Des métiers autrefois uniquement masculins sont maintenant aussi exercés par des femmes. Il a fallu inventer des mots pour les désigner...pas de problèmes pour certains – on ajoute un e – plus compliqué pour d’autres ...Un médecin ne peut devenir au féminin une médecine, un tribun une tribune, un pèlerin une pélerine. Ces exemples amusants sont donnés par Bernard Pivot.
On se contentera de dire une médecin, une ministre, une professeur, une maire….on a ajouté un « e » au mot député :  elle est députée de Paris. On ajoutera parfois  le mot femme : une femme soldat. Mais il n’est pas choquant de dire « Elle est médecin, elle est ingénieur, elle est pilote …. »

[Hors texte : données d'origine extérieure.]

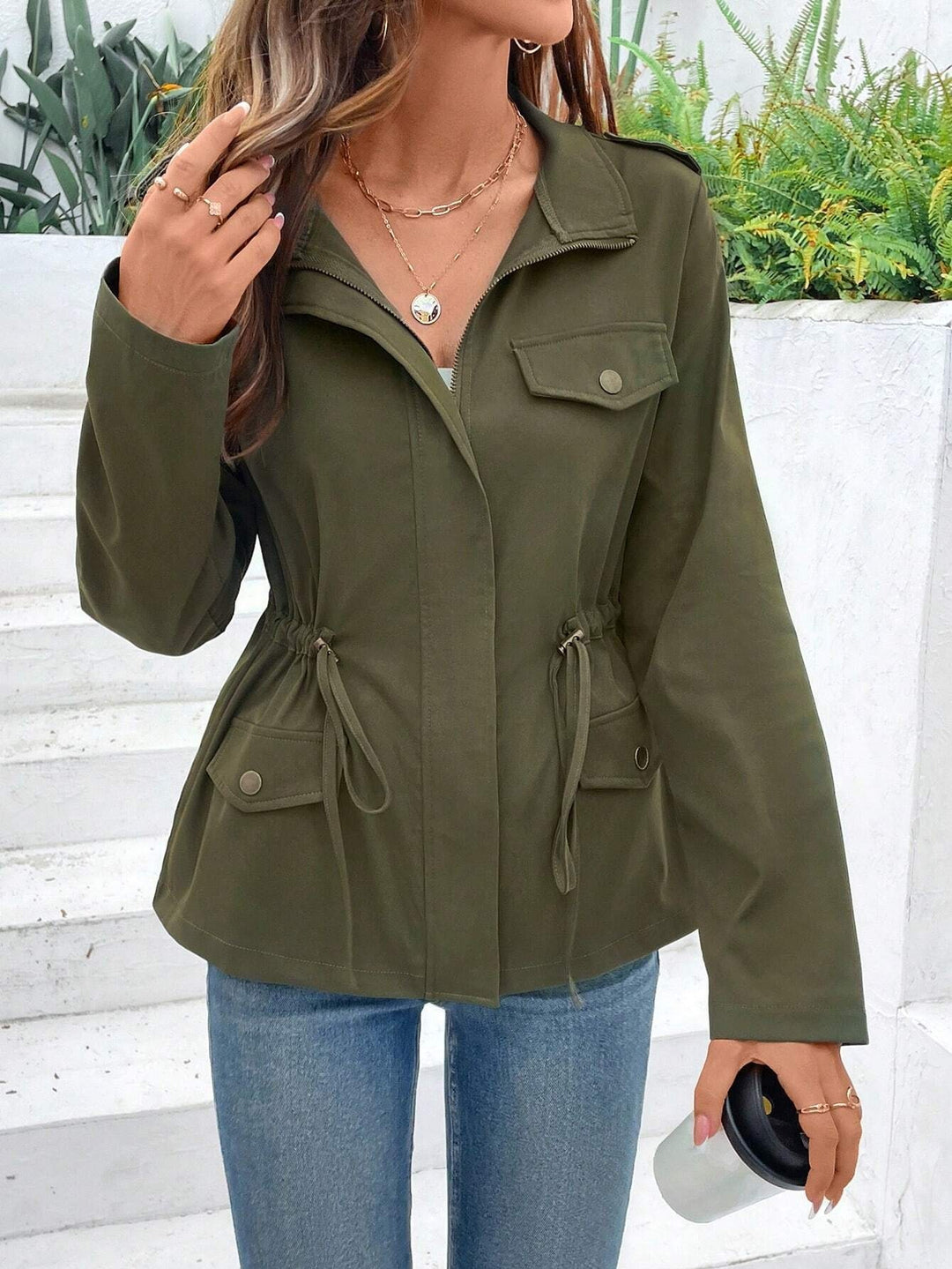 Camille™ | Lightweight Utility Jacket with Drawstring Waist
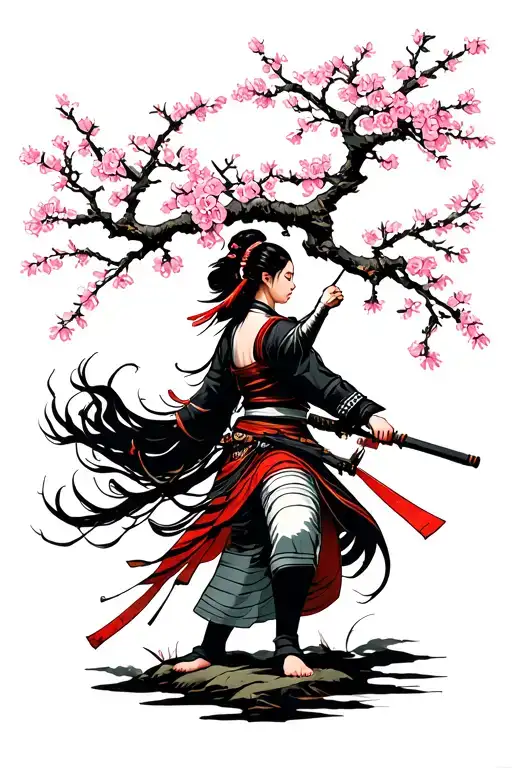 Woman Samurai On A Japanese Cherry Tree Fighting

4- L’assaut des féministes

Les « inclusivistes » partent du postulat suivant : la langue aurait été "masculinisée" par des grammairiens durant des siècles et il faudrait donc remédier à « l’invisibilisation » de la femme dans la langue. L’exemple, unique et tant cité, de la règle d’accord "le masculin l’emporte sur le féminin" ne  prétend pas désigner  une quelconque  supériorité  de l’homme sur la femme. Cette prétendue « règle » n’a pas été imposée par un cénacle de « machos » car une langue n’est pas une création de grammairiens - ni de grammairiennes -,  elle se construit  peu à peu  par  ses locuteurs, ses usagers.
 En  anglais il existe un genre neutre en plus du féminin et du masculin.  Cette particularité n’existant  pas dans  la langue française, c’est le masculin qui sert de genre  neutre et on l’utilise pour les formes impersonnelles ( il pleut), pour un indéterminé ( ils ont encore augmenté les impôts). Et c’est par défaut qu’il intervient dans l’accord par résolution (la fille et le garçon sont partis),  il n’y a là aucune domination symbolique ou socialement interprétable.
Pour conclure, remarquons aussi que les mots « masculin » et « féminin »  n’ont évidemment pas le même sens appliqués au sexe ou à la grammaire ! Quand  on dit  une table personne ne pense qu’elle a un sexe féminin ! Le buffet ne possède pas non plus d’ attributs masculins !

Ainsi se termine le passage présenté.